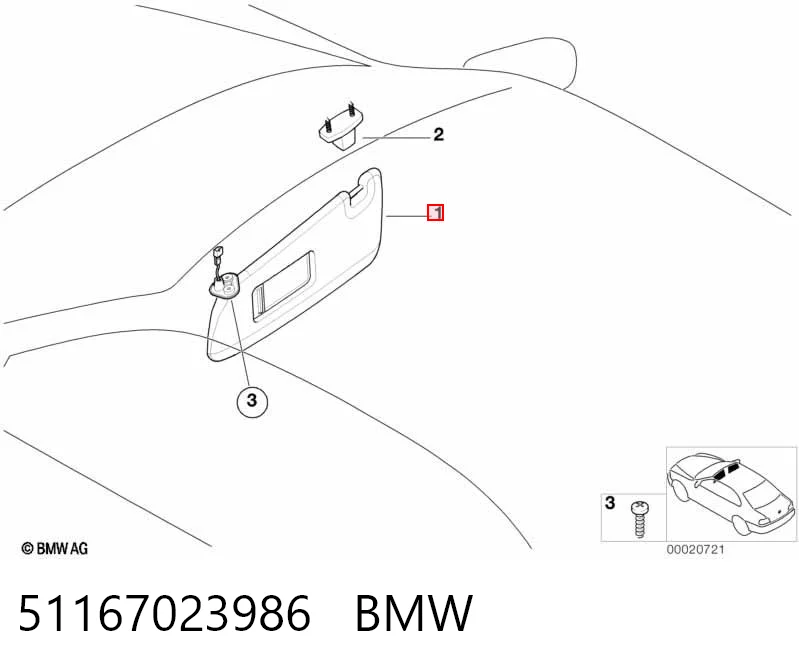 Pala contra o sol BMW 3  E46 ao melhor preço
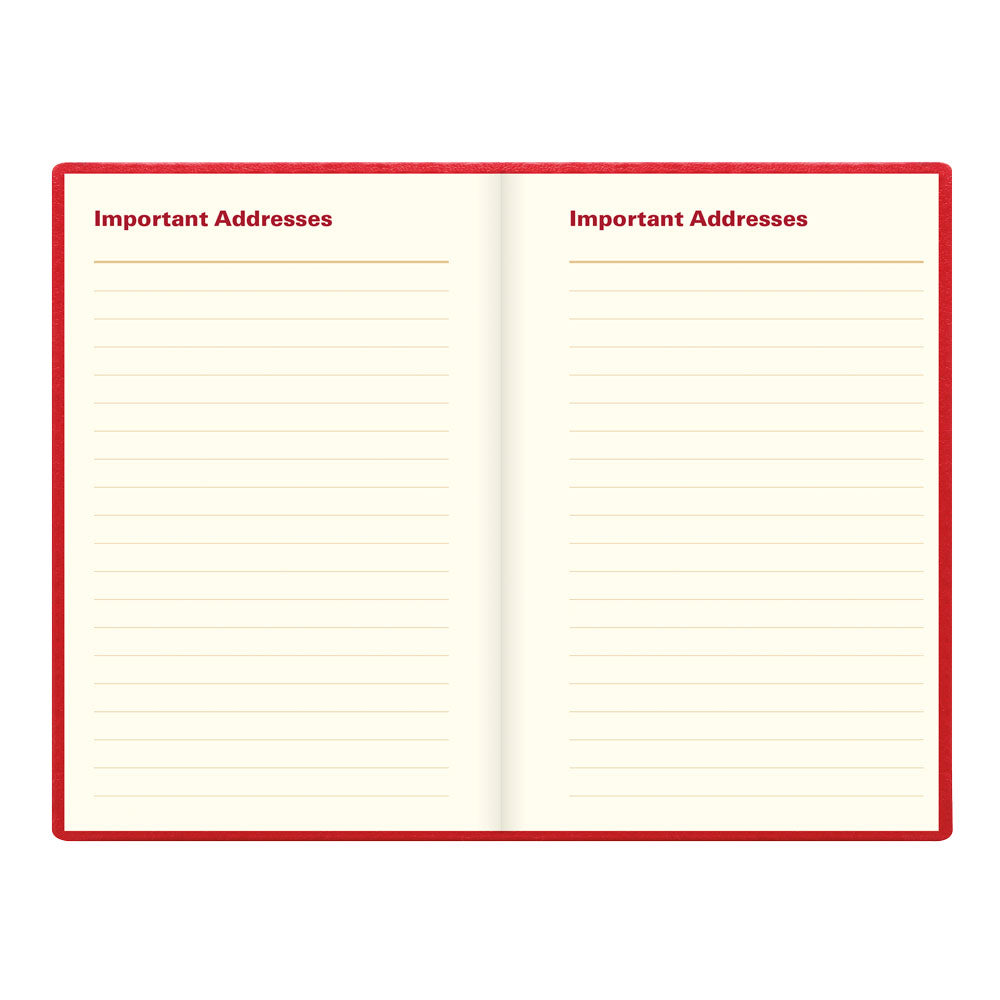 Letts Pocket Weekly Planner, Belgravia, English, 2027 27-C33ERD #colour_red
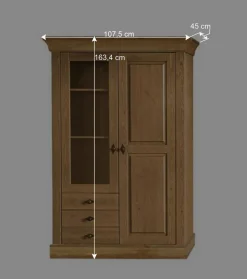 Kiefer Wohnwand Piatra teilmassiv gelaugt und geölt (dreiteilig)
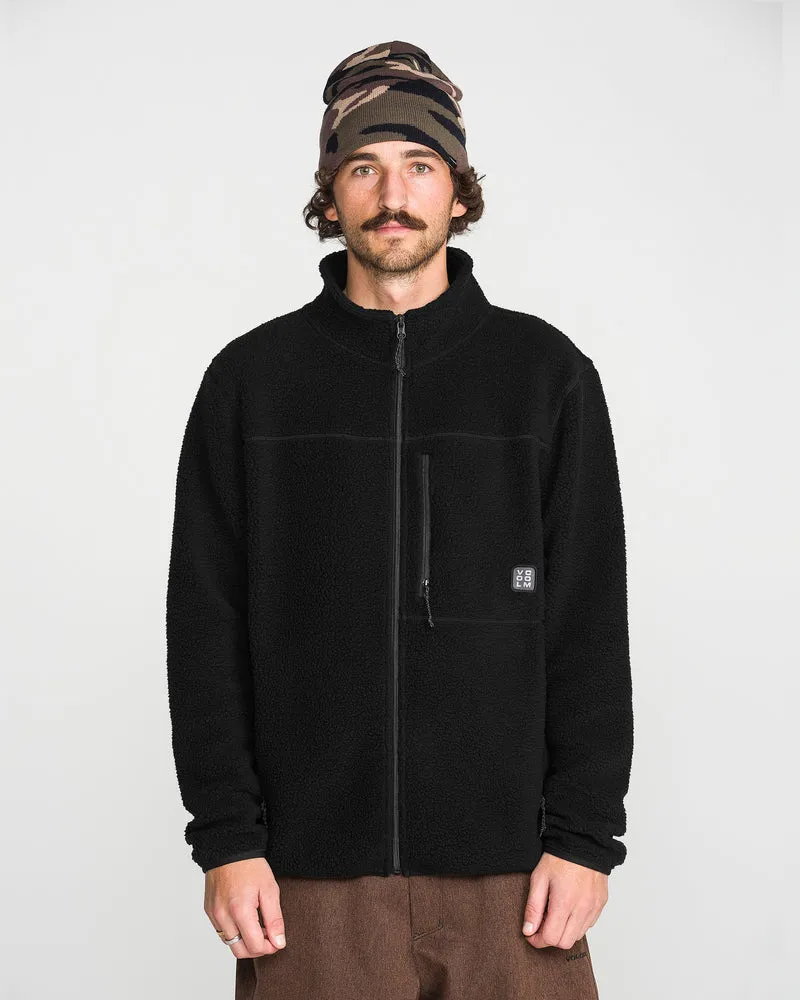 Nelson Sherpa Full Zip Jacke - Black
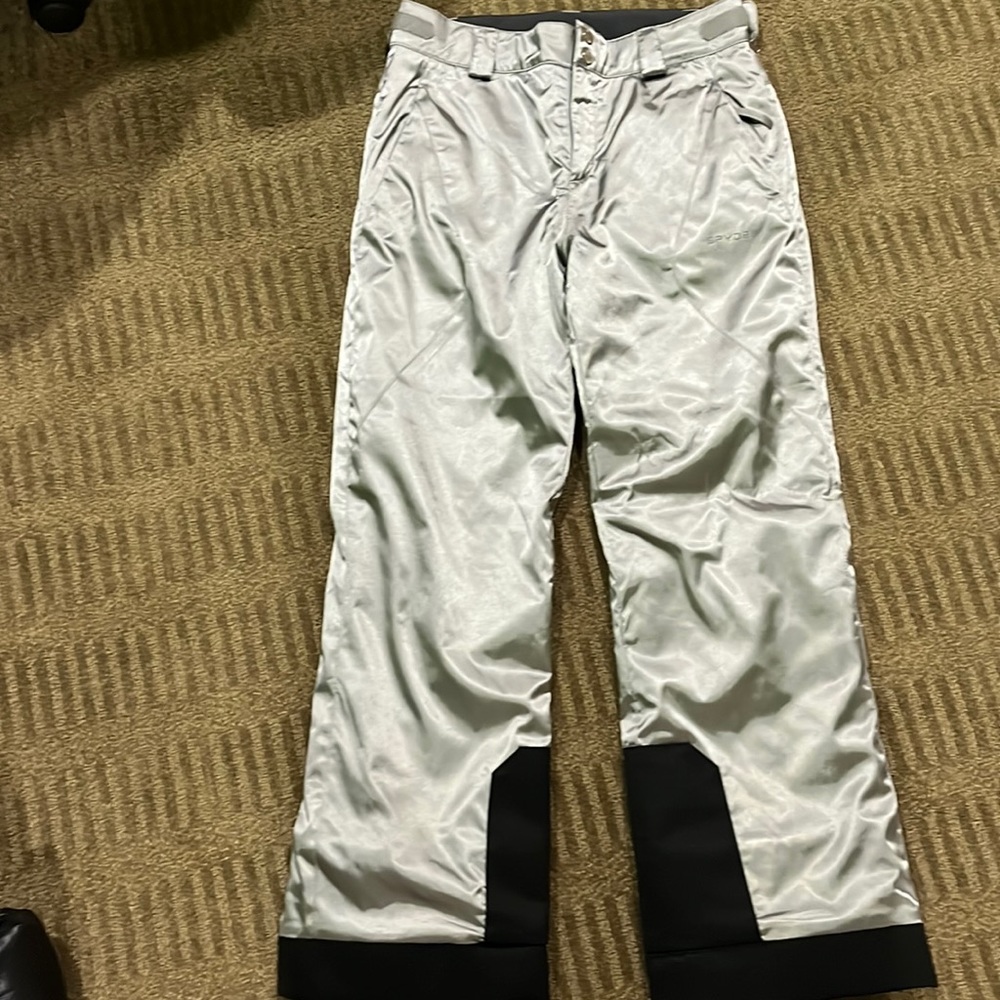 Spyder Silver Ski Pants - Girls 16 - Barely Worn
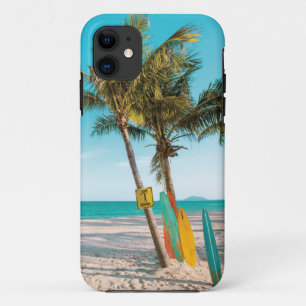 Capa Para iPhone 11 conselhos de surf no travesseiro decorativo de pra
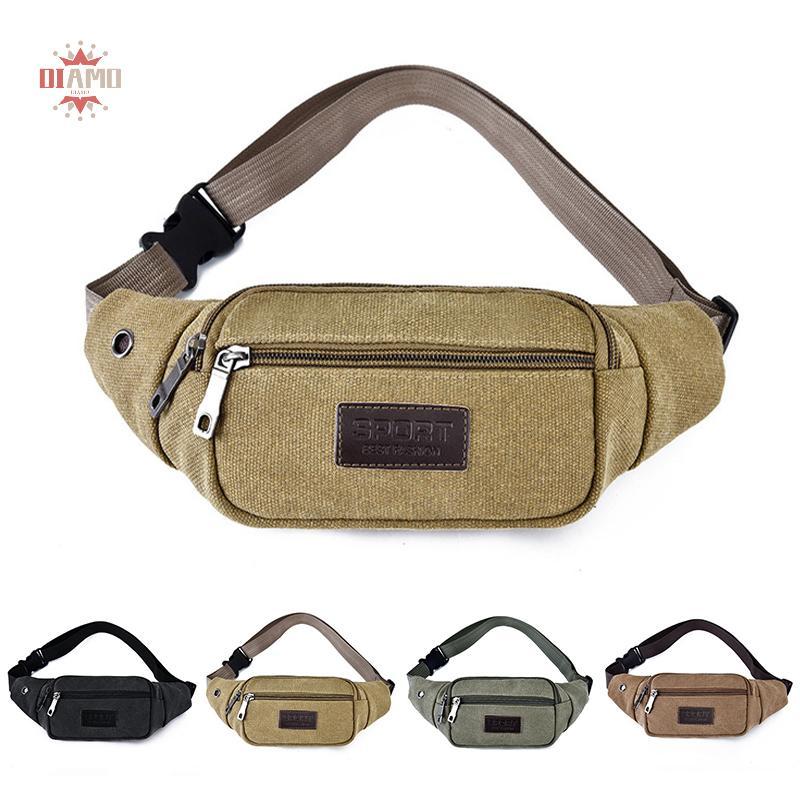 [Yulong] กระเป๋าคาดเอวผ้าใบสำหรับใส่มือถือและของเล็กๆ น้อยๆ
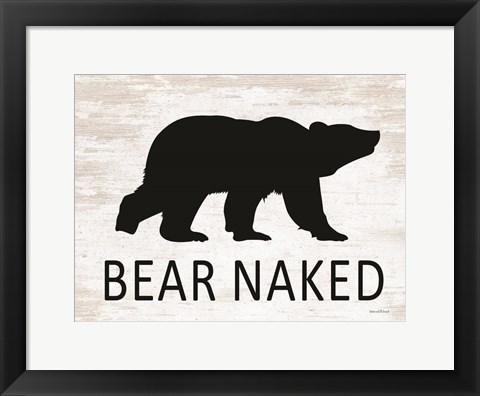 Framed Bear Naked Print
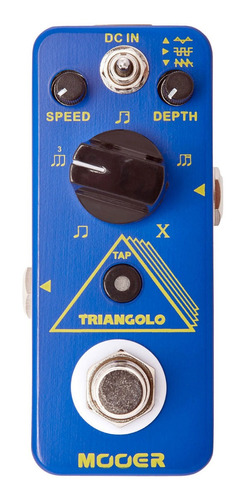 Micro Pedal De Efecto Mooer Triangolo Tremolo Digital 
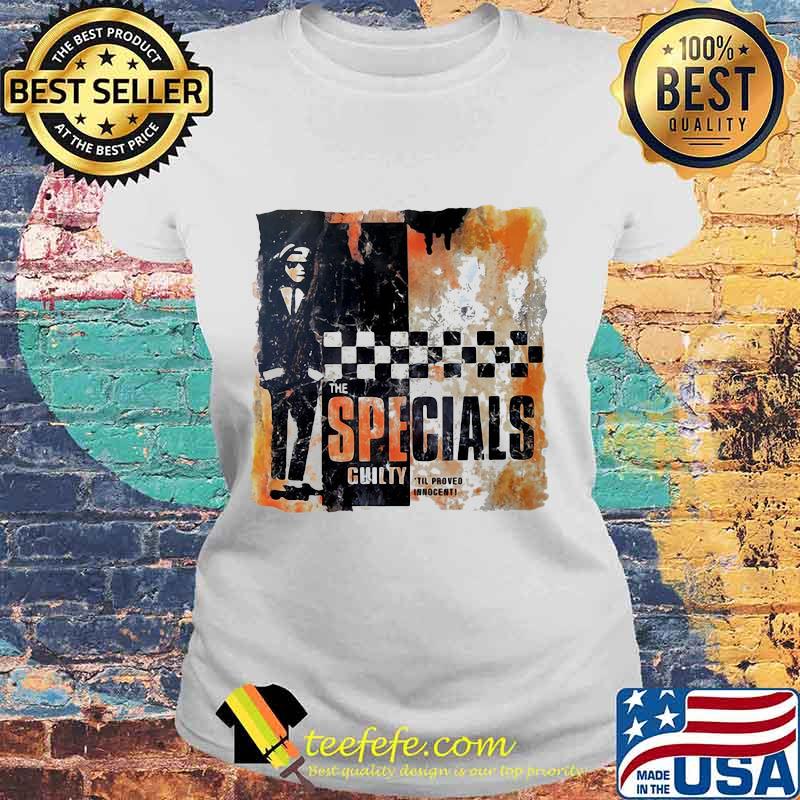 The specials guilty til proved innocent s Laides tee The specials guilty til proved innocent s Laides tee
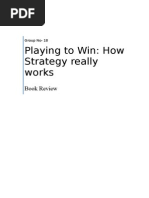 Playing To Win | PDF | Procter & Gamble | Business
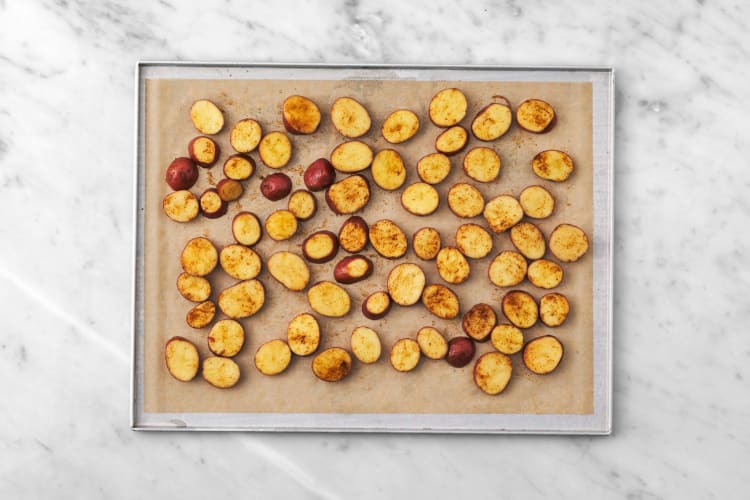 Prep and roast potatoes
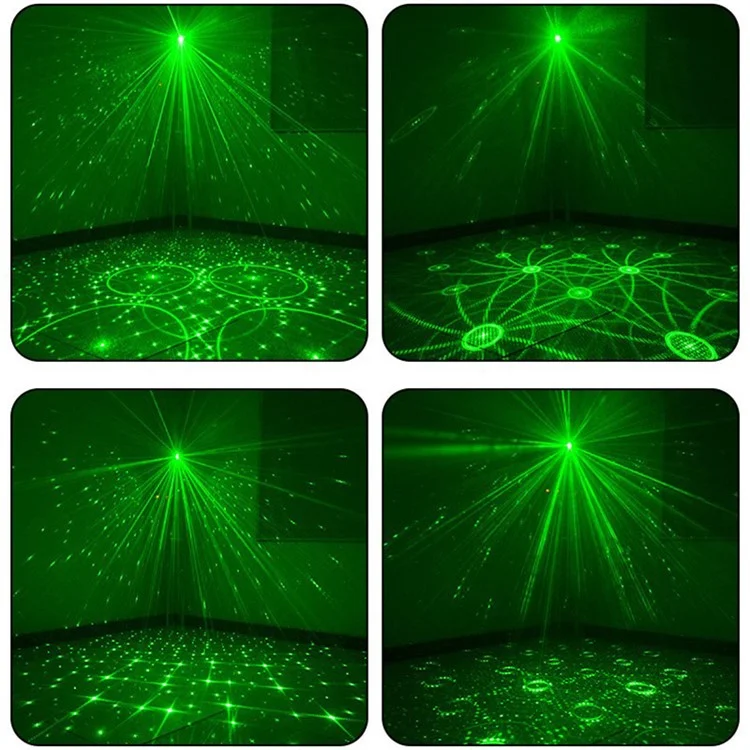 Luz Laser Portátil Miniatura R50 de Liga de Alumínio Auto / Voz / Controle Remoto Luz Interna com Alça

○ ○ ○ ○

• PROBLEM TO SOLVE
Exact repetition required: repeat the first line of the listing above, the line containing "Capa Para iPhone", and every line between, leaving out pictures.

• SOLUTION
 Pala contra o sol BMW 3  E46 ao melhor preço
 Letts Pocket Weekly Planner, Belgravia, English, 2027 27-C33ERD #colour_red
 Kiefer Wohnwand Piatra teilmassiv gelaugt und geölt (dreiteilig)
 Nelson Sherpa Full Zip Jacke - Black
 Spyder Silver Ski Pants - Girls 16 - Barely Worn
 Capa Para iPhone 11 conselhos de surf no travesseiro decorativo de pra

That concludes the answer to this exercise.